Re: Re[10]: [sqlite] Accessing Database on Network

Mrs. Brisby Wed, 10 Aug 2005 19:46:01 -0700

On Wed, 2005-08-10 at 11:30 +0200, djm wrote:
> Hello,
> 
> 
> >> My understanding, after all of your helpful comments,  currently is:
> >> 
> >> Simultaneous reading of a server file by different clients is safe, as
> >> long as the file doesnt get changed at all (at least in a time scale
> >> where the Client Os could cache it).
> 
> Mrs.> Remove your parenthesized exception and this is correct.
> 
> My current plan is:
> 
> Store the (readonly) database on the server and include version info
> in a table in the database. Each time the client app starts, it
> accesses the server database and checks the version info. Based on
> this it decides whether it needs to copy the database file locally
> (the server version is newer or there is no local version) or can use
> the current local version (the version of the server database is the
> same as the local version).


So the server database never changes?

How do new versions get published?

[[ This is why I suggested a protocol with well known semantics. ]]


> Its possible that more than one client will be accessing this version
> info simulataneously. Can there be any problem? Using sqlite to read
> this version info via a SELECT should map cleanly to a read only
> access to the disk file, right? This is the only point where imnot
> fully sure. According to the above should then be fine?

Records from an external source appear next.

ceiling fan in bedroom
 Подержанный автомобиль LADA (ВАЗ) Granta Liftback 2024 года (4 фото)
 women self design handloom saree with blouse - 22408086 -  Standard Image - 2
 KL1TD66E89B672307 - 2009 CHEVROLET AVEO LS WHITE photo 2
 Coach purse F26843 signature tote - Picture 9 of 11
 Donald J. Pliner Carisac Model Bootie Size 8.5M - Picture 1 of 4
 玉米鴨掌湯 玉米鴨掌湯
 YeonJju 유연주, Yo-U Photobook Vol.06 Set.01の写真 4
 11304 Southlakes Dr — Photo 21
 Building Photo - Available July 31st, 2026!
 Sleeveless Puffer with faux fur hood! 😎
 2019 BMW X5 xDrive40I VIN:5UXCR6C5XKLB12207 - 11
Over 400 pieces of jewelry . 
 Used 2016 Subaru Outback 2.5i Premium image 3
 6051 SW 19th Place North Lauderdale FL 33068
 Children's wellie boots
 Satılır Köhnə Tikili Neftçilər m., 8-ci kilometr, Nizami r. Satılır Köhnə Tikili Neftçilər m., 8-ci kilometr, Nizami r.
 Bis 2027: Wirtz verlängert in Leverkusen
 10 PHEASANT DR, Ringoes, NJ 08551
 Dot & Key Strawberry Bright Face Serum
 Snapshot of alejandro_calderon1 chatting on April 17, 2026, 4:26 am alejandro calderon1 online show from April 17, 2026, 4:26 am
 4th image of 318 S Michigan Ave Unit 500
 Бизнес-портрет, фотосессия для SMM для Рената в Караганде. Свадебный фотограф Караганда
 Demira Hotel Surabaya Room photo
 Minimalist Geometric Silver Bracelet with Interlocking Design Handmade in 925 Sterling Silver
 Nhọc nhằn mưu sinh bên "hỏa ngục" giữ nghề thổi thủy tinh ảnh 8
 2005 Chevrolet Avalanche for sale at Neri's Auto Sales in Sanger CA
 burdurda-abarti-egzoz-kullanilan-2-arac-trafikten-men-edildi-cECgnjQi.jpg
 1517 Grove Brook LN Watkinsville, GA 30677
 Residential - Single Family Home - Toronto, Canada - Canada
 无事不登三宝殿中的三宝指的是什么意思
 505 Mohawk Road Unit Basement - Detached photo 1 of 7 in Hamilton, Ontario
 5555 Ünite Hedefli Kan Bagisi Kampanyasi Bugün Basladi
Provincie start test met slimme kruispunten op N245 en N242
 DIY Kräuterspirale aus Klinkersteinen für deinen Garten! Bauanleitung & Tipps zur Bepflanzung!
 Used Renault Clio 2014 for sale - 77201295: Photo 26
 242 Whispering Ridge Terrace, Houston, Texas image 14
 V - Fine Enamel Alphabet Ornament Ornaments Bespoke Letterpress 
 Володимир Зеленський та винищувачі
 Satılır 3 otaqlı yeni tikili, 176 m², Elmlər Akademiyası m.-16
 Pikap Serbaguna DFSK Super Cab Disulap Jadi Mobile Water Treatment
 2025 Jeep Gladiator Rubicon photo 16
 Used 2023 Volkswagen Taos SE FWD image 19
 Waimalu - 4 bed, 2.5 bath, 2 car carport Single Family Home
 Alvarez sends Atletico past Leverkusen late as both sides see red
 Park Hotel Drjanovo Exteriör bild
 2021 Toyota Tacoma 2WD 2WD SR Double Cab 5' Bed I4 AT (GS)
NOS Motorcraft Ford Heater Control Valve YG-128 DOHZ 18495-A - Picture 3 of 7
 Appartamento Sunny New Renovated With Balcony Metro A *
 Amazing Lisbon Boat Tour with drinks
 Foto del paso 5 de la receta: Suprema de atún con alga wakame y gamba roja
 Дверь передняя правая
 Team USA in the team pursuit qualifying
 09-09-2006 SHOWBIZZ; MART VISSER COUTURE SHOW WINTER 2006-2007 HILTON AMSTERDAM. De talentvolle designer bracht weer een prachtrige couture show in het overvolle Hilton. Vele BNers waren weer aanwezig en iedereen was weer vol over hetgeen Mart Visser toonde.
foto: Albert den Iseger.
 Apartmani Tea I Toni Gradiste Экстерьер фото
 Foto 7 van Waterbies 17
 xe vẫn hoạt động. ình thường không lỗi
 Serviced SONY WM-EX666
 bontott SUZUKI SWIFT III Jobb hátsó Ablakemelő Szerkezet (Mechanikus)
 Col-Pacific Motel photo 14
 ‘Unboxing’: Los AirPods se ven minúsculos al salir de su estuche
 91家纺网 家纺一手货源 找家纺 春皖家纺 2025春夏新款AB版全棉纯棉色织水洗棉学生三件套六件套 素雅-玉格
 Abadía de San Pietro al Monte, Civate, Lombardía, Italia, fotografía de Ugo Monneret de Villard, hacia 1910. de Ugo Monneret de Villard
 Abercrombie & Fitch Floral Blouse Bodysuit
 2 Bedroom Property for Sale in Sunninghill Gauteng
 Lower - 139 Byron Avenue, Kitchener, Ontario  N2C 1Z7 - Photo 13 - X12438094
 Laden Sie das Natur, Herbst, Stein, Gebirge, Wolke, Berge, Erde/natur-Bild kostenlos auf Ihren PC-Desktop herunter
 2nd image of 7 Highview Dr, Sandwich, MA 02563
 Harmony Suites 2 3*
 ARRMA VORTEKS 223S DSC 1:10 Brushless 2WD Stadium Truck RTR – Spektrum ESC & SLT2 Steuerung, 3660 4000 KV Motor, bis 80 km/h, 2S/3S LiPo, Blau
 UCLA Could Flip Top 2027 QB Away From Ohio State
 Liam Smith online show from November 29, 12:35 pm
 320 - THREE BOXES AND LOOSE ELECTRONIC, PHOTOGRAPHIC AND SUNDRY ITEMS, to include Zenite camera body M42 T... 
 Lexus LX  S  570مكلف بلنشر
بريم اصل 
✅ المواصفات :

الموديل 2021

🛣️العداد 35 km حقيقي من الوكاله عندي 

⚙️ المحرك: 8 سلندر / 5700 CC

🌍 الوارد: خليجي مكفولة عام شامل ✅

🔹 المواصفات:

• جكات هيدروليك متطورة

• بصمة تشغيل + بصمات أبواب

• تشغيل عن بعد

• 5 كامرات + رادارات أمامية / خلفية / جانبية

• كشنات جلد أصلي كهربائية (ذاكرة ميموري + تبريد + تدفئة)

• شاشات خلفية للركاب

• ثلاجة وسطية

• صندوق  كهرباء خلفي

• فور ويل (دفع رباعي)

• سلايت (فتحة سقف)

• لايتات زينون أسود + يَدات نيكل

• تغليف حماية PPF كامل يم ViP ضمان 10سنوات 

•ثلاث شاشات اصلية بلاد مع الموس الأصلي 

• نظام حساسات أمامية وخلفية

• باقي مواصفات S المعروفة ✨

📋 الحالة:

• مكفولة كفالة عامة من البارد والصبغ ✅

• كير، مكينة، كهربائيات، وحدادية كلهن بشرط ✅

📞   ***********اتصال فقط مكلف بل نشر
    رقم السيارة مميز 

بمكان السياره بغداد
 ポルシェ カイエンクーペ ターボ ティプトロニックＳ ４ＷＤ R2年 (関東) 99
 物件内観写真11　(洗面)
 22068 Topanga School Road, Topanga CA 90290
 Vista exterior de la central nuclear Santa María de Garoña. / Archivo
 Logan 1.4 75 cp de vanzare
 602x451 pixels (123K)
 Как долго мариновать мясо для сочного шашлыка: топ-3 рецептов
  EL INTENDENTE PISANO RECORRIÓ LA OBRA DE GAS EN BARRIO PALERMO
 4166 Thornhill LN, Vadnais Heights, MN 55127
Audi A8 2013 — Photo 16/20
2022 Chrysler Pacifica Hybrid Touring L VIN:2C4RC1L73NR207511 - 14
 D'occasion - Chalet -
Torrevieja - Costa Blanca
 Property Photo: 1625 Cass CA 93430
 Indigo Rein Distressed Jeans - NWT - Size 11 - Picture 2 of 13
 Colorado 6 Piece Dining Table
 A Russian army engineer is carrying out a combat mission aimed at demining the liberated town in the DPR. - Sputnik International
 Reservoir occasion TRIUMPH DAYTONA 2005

Read only access isn't always "safe" in that all of ACID can be
satisfied. MS-DFS for example.

> The server database will need to be updated at some stage. The sys
> admin will haye to be responsible for seeing that no client is
> accessing the file while its being updated (by disconecting the server
> from the network or doing the job at niight when all clients are off,
> or just making sure that none are running my app or whtever). What
> should I advise him is a necessary/reasonable procedure, and what are
> the worst case scenarios for each appraoch?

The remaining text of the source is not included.